What Exactly Are You Saying?

By — on / Daily, Negotiation Skills

Adapted from “The Perils of Powerful Speech,” first published in the Negotiation newsletter.

Death to modifiers! All hail the active verb. Be succinct.

Those are Strunk and White’s commandments for simple and direct writing. They also may be rules for establishing verbal power in negotiation—though not always, it turns out.

Linguistic studies have shown that hesitations (ums and ahs), tag questions (“That’s true, isn’t it?), hedges (kind of, sort of), disclaimers (“This may not be right, but . . .”), and intensifiers (really, very) affect how speakers are perceived. People who use them are judged less likely to be hired, promoted, and supported by superiors than those who don’t.

Even when the substance of speech is the same, its delivery can make someone seem either powerful or powerless. Yet a set of recent experiments by Alison Fragale of the University of North Carolina’s Kenan-Flager Business School suggests that this effect depends on context.

Subjects in one experiment were told that they would engage in group decision-making exercises via email. For consistency’s sake, the return messages they received were generated by a cleverly programmed computer. One task was the classic subarctic survival game in which subjects had to choose what equipment to leave behind and what to save. To some subjects, the computer flatly said: “The flashlight should be rated higher….put it higher.” Of others, it asked: “Do you think the flashlight should maybe be rated higher?”
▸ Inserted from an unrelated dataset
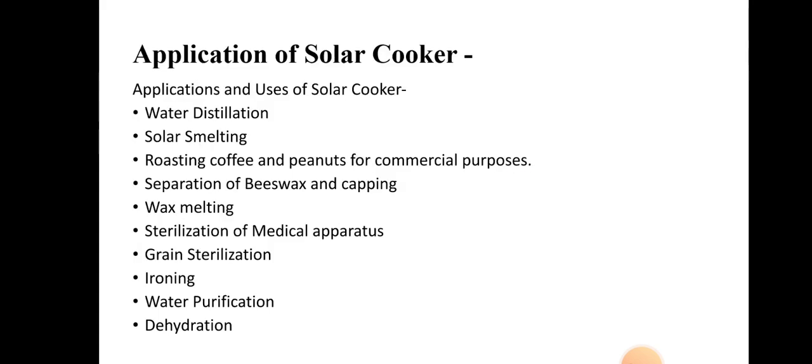The working principle of the solar cooker involves three steps: concentrating sunlight, converting it to heat energy, and trapping the maximum heat energy for cooking. The next point is related to the applications of the solar cooker. Solar cookers may be applied in different fields, including water distillation plants.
The subjects were asked to rate their teammates for potential leadership in a follow-up experiment. One group was told that the exercise would involve independent work, while a second group was told it would require collaboration.

Consistent with prior research, the “speaker” with the powerful style was favored to lead the independent project. But, in a twist, the “powerless” speaker was favored when the project was expected to require collaboration.

Fragale thus challenges conventional distinctions between the “language of success” and the “language of failure.” An assertive verbal style may enhance your perceived power in an arm’s-length negotiation, but in collaborative settings, modest speech may win you more support.